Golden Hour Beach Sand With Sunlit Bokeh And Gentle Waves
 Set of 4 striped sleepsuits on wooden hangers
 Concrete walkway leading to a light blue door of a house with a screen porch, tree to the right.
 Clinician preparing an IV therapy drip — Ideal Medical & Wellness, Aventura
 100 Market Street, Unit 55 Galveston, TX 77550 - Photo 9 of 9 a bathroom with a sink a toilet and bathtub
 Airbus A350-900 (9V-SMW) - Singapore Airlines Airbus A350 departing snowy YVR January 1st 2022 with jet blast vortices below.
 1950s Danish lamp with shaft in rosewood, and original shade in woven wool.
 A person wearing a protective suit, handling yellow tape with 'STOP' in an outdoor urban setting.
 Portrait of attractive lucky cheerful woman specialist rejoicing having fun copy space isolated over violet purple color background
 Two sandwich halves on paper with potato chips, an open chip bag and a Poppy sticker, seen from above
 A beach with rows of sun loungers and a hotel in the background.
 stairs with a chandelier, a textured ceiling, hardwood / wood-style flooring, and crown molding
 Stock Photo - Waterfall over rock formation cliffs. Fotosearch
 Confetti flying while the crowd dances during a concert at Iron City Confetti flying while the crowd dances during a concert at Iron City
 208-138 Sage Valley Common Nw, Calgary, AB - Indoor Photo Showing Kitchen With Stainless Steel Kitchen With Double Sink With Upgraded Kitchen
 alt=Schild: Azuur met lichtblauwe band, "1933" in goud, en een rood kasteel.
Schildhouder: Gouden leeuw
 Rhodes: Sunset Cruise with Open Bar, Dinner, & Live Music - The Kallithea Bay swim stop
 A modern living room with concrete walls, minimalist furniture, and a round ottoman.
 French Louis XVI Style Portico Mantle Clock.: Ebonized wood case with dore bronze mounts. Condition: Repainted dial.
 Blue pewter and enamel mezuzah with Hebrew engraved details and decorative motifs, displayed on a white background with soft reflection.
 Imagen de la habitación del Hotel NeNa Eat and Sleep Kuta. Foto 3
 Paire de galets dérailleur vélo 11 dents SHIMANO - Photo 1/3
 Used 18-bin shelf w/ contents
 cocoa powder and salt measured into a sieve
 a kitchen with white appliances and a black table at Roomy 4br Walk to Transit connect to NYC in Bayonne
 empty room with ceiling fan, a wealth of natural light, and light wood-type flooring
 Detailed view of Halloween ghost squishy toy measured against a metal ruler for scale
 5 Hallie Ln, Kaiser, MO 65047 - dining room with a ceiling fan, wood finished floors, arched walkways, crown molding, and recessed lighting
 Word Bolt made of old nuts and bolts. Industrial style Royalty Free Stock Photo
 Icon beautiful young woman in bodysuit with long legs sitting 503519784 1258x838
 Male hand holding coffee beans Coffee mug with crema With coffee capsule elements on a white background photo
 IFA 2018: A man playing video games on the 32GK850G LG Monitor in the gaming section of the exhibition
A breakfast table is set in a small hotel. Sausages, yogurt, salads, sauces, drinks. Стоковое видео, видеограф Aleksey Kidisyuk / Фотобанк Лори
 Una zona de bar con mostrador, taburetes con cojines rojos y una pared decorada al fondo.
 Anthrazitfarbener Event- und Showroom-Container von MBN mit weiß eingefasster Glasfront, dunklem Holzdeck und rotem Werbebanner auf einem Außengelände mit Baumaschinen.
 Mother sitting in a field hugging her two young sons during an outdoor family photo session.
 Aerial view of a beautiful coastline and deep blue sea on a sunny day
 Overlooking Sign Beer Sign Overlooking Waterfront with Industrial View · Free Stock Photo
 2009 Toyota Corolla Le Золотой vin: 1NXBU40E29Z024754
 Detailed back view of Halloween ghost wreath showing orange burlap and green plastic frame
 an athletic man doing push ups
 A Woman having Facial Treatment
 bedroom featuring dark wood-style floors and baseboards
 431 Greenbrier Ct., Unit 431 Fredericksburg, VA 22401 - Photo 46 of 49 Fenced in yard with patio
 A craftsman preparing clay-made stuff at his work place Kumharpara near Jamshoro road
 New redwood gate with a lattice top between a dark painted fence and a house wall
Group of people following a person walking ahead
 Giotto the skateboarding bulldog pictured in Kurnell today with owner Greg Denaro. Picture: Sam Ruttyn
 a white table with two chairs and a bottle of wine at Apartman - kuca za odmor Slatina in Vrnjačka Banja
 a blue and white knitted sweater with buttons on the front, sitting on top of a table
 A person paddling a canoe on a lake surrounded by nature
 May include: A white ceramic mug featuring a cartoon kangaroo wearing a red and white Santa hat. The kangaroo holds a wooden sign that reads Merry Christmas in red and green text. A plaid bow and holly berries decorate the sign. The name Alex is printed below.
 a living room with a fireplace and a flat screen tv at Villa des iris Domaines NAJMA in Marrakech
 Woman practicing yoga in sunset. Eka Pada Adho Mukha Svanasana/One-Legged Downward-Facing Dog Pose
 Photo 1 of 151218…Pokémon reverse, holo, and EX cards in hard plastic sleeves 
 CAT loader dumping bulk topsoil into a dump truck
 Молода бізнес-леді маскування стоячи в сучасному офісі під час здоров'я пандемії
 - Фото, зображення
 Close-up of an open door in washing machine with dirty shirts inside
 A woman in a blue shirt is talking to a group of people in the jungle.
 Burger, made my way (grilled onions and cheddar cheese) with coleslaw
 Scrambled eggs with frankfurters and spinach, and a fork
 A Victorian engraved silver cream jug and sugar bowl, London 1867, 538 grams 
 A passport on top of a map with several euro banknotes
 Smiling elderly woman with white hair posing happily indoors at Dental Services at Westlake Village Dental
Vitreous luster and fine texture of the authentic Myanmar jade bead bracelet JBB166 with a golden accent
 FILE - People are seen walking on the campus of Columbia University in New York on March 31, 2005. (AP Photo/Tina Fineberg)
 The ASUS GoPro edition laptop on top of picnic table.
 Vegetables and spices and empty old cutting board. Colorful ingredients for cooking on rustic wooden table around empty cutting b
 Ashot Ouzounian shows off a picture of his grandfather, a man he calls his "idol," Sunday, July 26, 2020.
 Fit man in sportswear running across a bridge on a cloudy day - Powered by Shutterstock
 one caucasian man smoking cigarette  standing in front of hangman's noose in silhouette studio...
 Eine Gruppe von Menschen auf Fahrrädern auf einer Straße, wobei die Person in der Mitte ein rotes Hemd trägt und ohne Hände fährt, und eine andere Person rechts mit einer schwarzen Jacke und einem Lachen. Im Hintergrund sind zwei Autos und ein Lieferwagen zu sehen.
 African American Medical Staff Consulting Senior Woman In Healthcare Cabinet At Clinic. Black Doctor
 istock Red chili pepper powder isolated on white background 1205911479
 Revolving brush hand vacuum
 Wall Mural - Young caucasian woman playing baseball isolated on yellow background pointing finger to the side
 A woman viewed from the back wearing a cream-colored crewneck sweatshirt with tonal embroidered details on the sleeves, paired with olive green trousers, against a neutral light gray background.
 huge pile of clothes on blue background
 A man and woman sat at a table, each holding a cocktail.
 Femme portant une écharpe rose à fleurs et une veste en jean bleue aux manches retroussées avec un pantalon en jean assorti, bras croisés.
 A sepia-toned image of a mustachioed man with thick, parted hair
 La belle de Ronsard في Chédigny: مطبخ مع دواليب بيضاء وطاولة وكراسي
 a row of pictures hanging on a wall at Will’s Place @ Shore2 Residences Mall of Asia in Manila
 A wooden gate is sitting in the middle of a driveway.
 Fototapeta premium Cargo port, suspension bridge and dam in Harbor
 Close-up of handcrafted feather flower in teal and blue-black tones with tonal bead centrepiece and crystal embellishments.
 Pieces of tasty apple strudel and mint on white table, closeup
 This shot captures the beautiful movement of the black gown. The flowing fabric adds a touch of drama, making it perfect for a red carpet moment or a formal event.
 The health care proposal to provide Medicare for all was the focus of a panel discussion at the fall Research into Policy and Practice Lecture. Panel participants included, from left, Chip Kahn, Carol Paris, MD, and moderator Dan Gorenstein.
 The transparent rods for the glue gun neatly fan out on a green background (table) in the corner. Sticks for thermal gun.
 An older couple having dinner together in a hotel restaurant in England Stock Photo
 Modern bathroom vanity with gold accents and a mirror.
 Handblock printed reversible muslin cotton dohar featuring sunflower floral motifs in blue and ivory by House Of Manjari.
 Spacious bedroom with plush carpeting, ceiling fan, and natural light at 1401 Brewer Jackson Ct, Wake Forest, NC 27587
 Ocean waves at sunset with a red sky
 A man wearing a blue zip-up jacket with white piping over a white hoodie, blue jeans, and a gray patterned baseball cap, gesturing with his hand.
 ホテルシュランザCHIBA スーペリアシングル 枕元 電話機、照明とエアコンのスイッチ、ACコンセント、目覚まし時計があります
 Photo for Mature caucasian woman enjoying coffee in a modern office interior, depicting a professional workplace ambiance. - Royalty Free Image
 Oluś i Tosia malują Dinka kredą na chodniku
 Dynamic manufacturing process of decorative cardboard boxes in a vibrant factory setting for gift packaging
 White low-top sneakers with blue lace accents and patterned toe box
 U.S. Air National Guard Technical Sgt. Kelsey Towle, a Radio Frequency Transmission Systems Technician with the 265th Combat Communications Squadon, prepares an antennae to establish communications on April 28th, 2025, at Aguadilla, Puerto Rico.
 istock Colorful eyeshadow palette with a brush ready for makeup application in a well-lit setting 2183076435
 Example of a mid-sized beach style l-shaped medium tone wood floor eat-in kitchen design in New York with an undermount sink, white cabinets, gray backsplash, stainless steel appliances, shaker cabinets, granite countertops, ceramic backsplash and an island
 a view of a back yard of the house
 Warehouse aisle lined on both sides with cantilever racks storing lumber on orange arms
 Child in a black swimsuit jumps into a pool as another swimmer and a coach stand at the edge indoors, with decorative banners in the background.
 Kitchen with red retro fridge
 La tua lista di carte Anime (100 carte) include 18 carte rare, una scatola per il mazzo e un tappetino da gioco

____________________

• **TASK**
Look through the records above and please copy every line in which the string "Detailed" occurs.

• **EXERCISE SOLUTION**
 Detailed view of Halloween ghost squishy toy measured against a metal ruler for scale
 Detailed back view of Halloween ghost wreath showing orange burlap and green plastic frame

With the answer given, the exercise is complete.